### Exercise instructions
Search term "front": copy each line of the data containing it.

Data extracted from a collection:
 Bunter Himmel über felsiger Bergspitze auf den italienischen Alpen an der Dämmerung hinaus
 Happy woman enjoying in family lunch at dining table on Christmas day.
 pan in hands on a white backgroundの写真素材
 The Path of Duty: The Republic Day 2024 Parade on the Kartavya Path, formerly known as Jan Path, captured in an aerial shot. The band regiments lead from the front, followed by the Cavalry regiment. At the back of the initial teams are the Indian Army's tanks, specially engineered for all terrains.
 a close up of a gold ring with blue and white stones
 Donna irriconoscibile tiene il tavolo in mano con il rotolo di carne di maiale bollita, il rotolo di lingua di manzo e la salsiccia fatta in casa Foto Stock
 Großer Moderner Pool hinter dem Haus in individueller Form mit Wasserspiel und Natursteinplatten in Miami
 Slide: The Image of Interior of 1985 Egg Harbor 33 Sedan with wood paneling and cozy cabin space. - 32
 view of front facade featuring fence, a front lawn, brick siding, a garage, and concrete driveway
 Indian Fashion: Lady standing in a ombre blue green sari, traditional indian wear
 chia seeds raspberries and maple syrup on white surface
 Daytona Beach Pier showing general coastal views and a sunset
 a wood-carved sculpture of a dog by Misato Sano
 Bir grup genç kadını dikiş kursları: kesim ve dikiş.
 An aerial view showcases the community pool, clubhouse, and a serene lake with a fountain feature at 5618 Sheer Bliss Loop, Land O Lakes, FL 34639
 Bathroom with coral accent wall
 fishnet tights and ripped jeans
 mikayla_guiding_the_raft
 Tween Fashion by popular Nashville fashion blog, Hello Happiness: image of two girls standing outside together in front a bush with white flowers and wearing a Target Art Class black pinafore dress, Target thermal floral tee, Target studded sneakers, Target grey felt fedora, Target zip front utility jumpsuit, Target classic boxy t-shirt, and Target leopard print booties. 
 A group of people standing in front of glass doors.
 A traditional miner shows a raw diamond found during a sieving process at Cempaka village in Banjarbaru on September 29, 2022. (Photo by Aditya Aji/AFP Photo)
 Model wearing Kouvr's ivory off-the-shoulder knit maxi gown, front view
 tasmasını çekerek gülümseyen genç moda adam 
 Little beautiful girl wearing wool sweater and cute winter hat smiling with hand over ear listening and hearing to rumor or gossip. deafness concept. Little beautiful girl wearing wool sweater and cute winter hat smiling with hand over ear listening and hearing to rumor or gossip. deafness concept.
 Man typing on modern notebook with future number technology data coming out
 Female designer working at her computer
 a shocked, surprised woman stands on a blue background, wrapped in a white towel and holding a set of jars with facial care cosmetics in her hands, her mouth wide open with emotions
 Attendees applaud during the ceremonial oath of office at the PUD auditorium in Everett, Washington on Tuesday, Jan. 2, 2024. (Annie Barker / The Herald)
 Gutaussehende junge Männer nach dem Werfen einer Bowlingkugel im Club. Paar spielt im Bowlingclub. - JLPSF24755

### Response below
 The Path of Duty: The Republic Day 2024 Parade on the Kartavya Path, formerly known as Jan Path, captured in an aerial shot. The band regiments lead from the front, followed by the Cavalry regiment. At the back of the initial teams are the Indian Army's tanks, specially engineered for all terrains.
 view of front facade featuring fence, a front lawn, brick siding, a garage, and concrete driveway
 Tween Fashion by popular Nashville fashion blog, Hello Happiness: image of two girls standing outside together in front a bush with white flowers and wearing a Target Art Class black pinafore dress, Target thermal floral tee, Target studded sneakers, Target grey felt fedora, Target zip front utility jumpsuit, Target classic boxy t-shirt, and Target leopard print booties. 
 A group of people standing in front of glass doors.
 Model wearing Kouvr's ivory off-the-shoulder knit maxi gown, front view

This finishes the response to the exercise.